Two important global events are garnering much attention: the upcoming Winter Olympics and December’s global forum on climate change in Copenhagen.
A lesser known but nonetheless crucial gathering was held in Egypt in November. The latest round of the Internet Governance Forum took place in an effort to update rules and frameworks of understanding for how we govern ourselves in an increasingly virtual universe. If you missed the mainstream media coverage, you are not alone – there wasn’t any.
Does this matter? Cybersecurity experts are united in the view that security breaches are on the rise. In November the American news program, 60 Minutes, aired a dramatic piece on the perils of cyber-terrorism, and just how vulnerable countries are to attack. (Perhaps responding to the same messaging within his Administration, it should be noted that President Obama gave a speech around the same time, acknowledging such risks and promising greater action).
In Canada during that same month, many folks in B.C. were victims of a widespread debit card scam, while an audit by the federal privacy commissioner warned of the potential for innocent people to be inappropriately tagged as persons of interest through the integrated efforts of federal agencies to mine vast quantities of financial transaction data.

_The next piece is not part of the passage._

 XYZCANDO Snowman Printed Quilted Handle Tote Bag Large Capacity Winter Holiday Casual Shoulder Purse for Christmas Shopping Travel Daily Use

All this as context for the advent of so-called cloud computing, recently defined in an exhaustive and very readable report by American academic David Wyld as “computing services delivered over the Internet, on demand, and from a remote location” (as opposed to traditionally being housed within your own computer).
As Wyld points out, the concept has its promoters and detractors, and he too covers all bases with ten predictions for the future of cloud computing: one warns of multiple, “massive security breaches” annually; another promises the democratization of technology that will spur innovation and yield more widely shared benefits for all.
It is entirely possible that both predictions may come to pass. The cloud is an unavoidable extension of the Internet and all that it encompasses, and the potential for sharing costs, risks and capacities is significant. The parallel advent of open source systems means that unlike previously proprietary models of third-party service providers, the cloud resembles a giant and much more open system, something akin to, well, a cloud.
But has anyone ever successfully governed a cloud (that can be fluffy and inspiring one day, dark and ominous the next)? And much as the sky is filled with clouds, are we really talking about one such creation or a multitude of shapes and sizes? Indeed, in recent months governments in the U.S., U.K. and Japan have announced plans to create national clouds for their own operations.
The challenge faced by the world as a whole is to find governance mechanisms capable of doing what some would argue is impossible – coordinating the formation and functioning of clouds. For now, this is being done far too slowly and incrementally by governments focused to varying degrees on their own national interests but generally with little public pressure to act.
In the 60 Minutes piece, one security expert asks, what if the point of a cyber attack is not to steal money but rather to systemically destroy it? Our entire financial world (with the notable exception of the ever more valuable gold bars hidden under your mattress) is underpinned by digital records and trust in this digital system.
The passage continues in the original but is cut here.